Records for this exercise
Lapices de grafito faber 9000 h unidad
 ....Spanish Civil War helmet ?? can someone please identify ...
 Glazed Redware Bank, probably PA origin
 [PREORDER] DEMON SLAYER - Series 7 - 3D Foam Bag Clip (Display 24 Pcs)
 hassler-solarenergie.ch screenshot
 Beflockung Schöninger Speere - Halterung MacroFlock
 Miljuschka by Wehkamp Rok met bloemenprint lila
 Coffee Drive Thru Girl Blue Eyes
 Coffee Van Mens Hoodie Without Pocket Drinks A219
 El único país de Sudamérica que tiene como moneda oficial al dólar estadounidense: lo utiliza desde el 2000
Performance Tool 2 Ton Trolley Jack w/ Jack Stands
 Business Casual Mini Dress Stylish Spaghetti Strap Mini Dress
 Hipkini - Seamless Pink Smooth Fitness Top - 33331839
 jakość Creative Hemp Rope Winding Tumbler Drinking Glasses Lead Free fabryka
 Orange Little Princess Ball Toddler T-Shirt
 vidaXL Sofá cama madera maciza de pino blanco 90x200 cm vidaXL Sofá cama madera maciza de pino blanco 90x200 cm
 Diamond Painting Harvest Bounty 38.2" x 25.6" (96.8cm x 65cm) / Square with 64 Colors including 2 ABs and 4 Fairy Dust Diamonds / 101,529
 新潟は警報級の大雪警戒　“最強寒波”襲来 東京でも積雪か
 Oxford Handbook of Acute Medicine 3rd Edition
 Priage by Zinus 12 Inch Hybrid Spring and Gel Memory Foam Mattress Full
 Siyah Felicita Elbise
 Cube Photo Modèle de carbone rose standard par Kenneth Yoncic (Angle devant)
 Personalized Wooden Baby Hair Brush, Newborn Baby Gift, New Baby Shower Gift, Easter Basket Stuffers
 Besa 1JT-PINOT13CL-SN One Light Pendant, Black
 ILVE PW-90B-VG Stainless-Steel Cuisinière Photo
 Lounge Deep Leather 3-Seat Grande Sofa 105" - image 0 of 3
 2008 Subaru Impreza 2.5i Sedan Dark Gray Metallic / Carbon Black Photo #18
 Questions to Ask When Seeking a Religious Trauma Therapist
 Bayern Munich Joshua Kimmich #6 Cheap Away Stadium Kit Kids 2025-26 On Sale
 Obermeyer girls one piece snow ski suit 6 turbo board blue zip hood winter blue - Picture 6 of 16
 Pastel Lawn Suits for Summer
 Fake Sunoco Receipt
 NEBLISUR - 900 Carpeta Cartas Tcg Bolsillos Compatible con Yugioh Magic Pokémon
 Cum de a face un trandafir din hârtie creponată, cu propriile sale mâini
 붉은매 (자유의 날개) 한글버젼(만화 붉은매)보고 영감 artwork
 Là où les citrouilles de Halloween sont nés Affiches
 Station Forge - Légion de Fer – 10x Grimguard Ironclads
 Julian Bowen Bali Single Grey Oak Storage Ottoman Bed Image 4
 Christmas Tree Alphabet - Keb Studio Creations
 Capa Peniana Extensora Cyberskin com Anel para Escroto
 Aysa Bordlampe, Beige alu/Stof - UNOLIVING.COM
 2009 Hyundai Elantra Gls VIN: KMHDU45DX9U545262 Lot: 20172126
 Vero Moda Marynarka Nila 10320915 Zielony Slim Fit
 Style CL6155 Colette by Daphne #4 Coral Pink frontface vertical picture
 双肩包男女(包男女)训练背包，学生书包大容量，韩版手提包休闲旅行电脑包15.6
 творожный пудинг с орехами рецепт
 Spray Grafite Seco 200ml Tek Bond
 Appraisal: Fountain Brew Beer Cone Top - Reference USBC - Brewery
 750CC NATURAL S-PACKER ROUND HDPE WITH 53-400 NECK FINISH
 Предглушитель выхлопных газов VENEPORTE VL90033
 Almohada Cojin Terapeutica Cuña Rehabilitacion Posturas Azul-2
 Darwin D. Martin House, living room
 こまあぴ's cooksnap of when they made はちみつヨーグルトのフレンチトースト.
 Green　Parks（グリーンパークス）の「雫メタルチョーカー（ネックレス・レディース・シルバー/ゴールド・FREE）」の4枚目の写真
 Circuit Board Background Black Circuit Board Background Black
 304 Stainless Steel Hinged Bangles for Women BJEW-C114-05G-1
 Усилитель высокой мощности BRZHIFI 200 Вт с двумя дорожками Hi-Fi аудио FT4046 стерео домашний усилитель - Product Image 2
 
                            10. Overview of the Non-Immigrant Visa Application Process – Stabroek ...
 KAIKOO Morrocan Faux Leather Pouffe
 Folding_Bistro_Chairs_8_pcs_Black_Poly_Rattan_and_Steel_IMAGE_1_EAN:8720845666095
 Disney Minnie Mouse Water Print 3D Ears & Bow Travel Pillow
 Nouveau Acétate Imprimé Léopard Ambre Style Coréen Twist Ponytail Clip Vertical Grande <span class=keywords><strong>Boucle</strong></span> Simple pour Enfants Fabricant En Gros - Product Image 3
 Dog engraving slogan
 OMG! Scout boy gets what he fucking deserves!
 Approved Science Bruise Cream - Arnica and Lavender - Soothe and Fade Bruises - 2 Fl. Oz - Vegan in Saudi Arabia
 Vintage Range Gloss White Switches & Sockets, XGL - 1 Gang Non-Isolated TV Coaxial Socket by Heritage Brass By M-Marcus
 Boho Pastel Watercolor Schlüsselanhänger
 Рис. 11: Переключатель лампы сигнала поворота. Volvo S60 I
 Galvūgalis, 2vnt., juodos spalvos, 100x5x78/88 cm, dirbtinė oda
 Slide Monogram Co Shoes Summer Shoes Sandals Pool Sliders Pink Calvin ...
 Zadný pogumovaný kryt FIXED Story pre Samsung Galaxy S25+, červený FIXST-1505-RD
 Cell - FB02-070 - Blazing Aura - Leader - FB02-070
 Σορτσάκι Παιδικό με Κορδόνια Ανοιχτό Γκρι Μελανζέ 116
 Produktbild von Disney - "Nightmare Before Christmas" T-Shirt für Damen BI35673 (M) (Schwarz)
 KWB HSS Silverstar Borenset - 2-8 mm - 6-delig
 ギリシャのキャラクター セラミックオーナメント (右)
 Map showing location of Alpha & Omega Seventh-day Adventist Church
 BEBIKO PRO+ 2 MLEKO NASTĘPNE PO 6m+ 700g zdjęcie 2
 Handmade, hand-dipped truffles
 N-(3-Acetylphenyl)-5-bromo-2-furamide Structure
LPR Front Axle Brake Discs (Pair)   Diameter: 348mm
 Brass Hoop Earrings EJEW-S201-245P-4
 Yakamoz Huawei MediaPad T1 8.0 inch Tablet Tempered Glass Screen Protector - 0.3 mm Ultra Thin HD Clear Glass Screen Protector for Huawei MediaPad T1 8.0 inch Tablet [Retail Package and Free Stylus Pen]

Exercise
Your answer must be a copy of every line in the data above that holds the string "Product".

Exercise answer
 Усилитель высокой мощности BRZHIFI 200 Вт с двумя дорожками Hi-Fi аудио FT4046 стерео домашний усилитель - Product Image 2
 Nouveau Acétate Imprimé Léopard Ambre Style Coréen Twist Ponytail Clip Vertical Grande <span class=keywords><strong>Boucle</strong></span> Simple pour Enfants Fabricant En Gros - Product Image 3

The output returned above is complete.